Moreover, ESG risks are not only legal matters, but also broader business issues. Determining the impact of certain climate risks on a company’s business model or supply chain, especially if it spans multiple jurisdictions, can be a significant challenge in transactional due diligence. Assessing such risks is difficult in itself. However, it’s only the beginning of a more profound problem, as the next step will be to reflect these issues in transaction documentation by juxtaposing existing mechanisms, such as representations and warranties, the liability regime or price calculation and payment methodology, with the reality of ESG factors, in order to safeguard the interests of the parties to the greatest extent possible.

Finally, there is reputational risk. M&A deals can expose companies to reputational risk if the target is involved in controversial practices or has a poor track record in areas such as ethical business conduct, human rights or social responsibility. Buyers may face market and public backlash, which could damage the acquirer’s overall brand and financial performance.

ESG and valuations?

While this is more of a business issue than a legal one, the potential impact of ESG on price cannot be underestimated. Experts analyse past transactions and consider whether there is a justification for paying an ESG premium, whether companies that are more ESG friendly perform better or worse after a transaction, and therefore whether investing in ESG pays off.

Naturally, the problem of what ESG is and how to understand it is not without influence on these results. Perhaps this is also one of the reasons why no coherent conclusions have yet been reached on how ESG (and before that corporate social responsibility, or CSR) affects the value of a target and its post-closing performance.

Again, in Poland, this is not necessarily a transactional hot topic and one of the points negotiated at the transaction table.
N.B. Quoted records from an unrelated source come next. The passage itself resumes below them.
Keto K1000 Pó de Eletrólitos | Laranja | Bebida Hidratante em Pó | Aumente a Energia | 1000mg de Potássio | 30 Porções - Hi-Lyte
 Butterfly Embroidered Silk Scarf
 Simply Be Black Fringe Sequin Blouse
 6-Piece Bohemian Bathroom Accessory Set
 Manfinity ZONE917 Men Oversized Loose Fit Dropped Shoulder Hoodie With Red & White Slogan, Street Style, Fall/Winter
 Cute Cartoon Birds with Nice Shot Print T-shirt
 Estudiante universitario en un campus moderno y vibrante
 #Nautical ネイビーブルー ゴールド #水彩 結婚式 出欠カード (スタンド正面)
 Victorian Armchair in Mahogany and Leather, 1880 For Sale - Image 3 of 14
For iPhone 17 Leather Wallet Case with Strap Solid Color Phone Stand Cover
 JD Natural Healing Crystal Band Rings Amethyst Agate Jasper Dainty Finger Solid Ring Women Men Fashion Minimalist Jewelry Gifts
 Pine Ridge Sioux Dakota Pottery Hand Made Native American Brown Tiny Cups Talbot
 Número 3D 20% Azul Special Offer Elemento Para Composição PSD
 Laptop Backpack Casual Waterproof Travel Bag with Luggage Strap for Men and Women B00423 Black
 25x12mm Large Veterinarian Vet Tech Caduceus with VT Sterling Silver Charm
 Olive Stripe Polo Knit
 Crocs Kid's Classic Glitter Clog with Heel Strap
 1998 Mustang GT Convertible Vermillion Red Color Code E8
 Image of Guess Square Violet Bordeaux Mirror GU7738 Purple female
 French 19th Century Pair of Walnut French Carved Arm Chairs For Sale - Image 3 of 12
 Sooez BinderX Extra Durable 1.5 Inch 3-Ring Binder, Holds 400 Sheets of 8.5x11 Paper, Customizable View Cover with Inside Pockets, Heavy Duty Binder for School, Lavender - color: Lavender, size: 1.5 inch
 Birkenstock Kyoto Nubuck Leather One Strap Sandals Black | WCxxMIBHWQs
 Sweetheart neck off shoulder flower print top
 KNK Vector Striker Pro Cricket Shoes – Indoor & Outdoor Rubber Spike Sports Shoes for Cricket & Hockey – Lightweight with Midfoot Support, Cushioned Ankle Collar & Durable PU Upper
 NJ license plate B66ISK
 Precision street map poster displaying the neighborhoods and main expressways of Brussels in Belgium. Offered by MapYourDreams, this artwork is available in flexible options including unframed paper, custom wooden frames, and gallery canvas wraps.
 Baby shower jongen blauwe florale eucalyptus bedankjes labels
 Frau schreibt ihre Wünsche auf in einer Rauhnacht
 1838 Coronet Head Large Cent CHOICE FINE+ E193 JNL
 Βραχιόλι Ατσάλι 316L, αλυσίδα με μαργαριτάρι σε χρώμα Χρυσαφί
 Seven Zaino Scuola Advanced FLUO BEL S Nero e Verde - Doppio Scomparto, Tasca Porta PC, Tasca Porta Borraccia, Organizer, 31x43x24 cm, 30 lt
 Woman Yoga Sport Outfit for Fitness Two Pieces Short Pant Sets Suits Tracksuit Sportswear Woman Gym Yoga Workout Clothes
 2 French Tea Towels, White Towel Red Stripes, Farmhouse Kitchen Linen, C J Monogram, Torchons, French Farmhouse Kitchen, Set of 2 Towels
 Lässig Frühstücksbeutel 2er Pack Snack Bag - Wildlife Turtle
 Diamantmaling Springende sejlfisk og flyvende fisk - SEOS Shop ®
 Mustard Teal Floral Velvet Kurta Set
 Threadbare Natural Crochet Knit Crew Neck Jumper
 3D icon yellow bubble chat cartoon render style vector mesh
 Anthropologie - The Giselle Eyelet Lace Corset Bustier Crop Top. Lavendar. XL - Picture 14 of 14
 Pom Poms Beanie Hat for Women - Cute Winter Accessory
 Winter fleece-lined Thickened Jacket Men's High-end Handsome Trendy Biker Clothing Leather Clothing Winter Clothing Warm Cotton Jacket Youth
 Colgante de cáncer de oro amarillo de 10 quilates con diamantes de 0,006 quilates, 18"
However, the chances are that it will soon become one, especially in the context of the cross-border deals (in-bound M&A) taking place in Poland.

Conclusions

We believe that ESG will increasingly gain importance on the Polish market, also with respect to M&A transactions. This will pose a challenge for Polish entrepreneurs, both on the buy and sell side, as they will need to adapt to the changing reality and the various perspectives on ESG issues. ESG will impact not only how we conduct legal due diligence, but also on how we prepare documentation and on the approach to the valuation of a business.